Pir-i Mugan (Hak Mustafa) nazar kıldı şarap içtim 
Şibli  Yanglı (gibi) semâ urub ( vurup) cândın keçtim ( candan geçtim) 
Sermest bolup (sarhoş olup) el ü halkdın ( memleketten ve halktan) tanıb ( uzaklaşıp) kaçtım.
Zemzem bolıb (olup) yer astıga kirdim mena ( yer altına girdim işte)  

Muhabbetni (Muhabbetin Câmın (kadehini) içib raks eylegen (eyleyen)

Divaneliğ ( divanelik) makamıga ( makamına) kirdi (girdi) dostlar 
Aç u tokluk sûd u ziyân (kazanç ve ziyan) hiç bilmegen (bilmeyen)
Sermest bolup (kendinden geçip) raks u semâ urdı (vurdu) dostlar 
Hoca Ahmet Yesevi ve Hünkar Hacı Bektaş-ı Veli, her iki pirin Türkçe’ye ve Türk töresine sahip çıkması ve Türk töresinin önemli özelliklerinden biri olan insana insan gözüyle bakabilmesi, eğitim ve ibadette cinsleri ayırmaması, her inanca saygılı olması, çağlarının çok ötesinde bir öngörüye sahip olduklarının göstergesidir ve bu bizlere yeter. Farklılıklarımızı da zenginliğimiz olarak görürüz. Hakka’a yürüyen ruhları mutlu ve sevinçli olsun.  Himmetleri devletimizin ve milletimizin üzerine olsun. Aşk olsun … 
 

 

[1] Bedri Noyan Dedebaba, Bütün Yönleri ile Bektaşilik ve Alevilik Cilt 1 s41

[2] Tevella, Peygamberin ailesini ve ailesinin soyundan gelenleri sevmek anlamına gelir.

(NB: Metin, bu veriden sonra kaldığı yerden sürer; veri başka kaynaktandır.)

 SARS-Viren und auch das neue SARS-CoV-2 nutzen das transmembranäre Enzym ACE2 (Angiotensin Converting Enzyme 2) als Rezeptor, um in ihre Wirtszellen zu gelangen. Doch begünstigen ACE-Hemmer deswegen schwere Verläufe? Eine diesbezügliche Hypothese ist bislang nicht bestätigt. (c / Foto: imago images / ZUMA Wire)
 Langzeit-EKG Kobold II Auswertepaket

[3] Teberra, Muhammed''in ailesi ve ailesinin soyundan gelenleri sevmeyenleri sevmemek, düşman olanlara düşman olmak demektir.

[4] Diğer yollarda dört kapı varsa da sıralama şerîat, tarîkat, hakîkat ve marifet, şeklindedir.

[5] Namık Kemal Zeybek, Allah’a Aşk ile Ulaş, s. 35

[6] Belkıs Temren, Bektaşiliğin Eğitsel ve Kültürel Boyutu, s.50

[7] Türk Edebiyatı’nda İlk Mutasavvıflar, Gerekli Sadeleştirmeler ve Bazı Notlara İlaveler ile Yayımlayan Dr. Orhan F. Köprülü. 3. Basım, Türk Tarih Kurumu Basımevi, Ankara 1976

[8] “Andolsun biz, cinler ve insanlardan, kalpleri olup da bunlarla anlamayan, gözleri olup da bunlarla görmeyen, kulakları olup da bunlarla işitmeyen birçoklarını cehennem için var ettik. İşte bunlar hayvanlar gibi, hatta daha da aşağıdadırlar. İşte bunlar gafillerin ta kendileridir.” A’râf Suresi 179. Ayet Diyanet Meali

[9]  Bedri Noyan Dedebaba, Bütün Yönleri ile Bektaşilik ve Alevilik I. Cilt s16
  
[10] Ayrıntılı bilgi için bkz. Namık Kemal Zeybek, Aşk Yolu Hoca Ahmet Yesevi ve Hikmetleri s. 175- 184

[11] Namık Kemal Zeybek, Aşk Yolu Hoca Ahmet Yesevi ve Hikmetleri s15

[12] Namık Kemal Zeybek Arşivi 

[13] İbn-i Hacer el-Askalani “Lisan’ül Mizan” c.2, s.229 / ed-Deylemi “el-Firdevs” c.3, s.332 / Cemalettin Muhammed bin Mekrem el-Ansari “Muhatasar Tarih-i Dimaşk” c.17, s.123 / Menakıb-ı Hüvarezmi s.88 / el-Künci eş-Şafii “Kifayet’üt Talib” s.176 / et-Tüsteri “Şerh-i İhkâk’ul Hak” c.5, s.243-244

[14] İmâm Hüsâmeddîn Hüseyin b. Ali Sığnâkî,  Menâkıb-ı Ahmed-i Yesevî

[15] Şibli Cüneyd-i Bağdadi’nin müridi Mansur ‘un yakın arkadaşıdır. Dar ağacında kendisine gül atanın Şibli olduğu söylenir. Mansur’u elin attığı taş değil Şibli’nin attığı gül yaralar.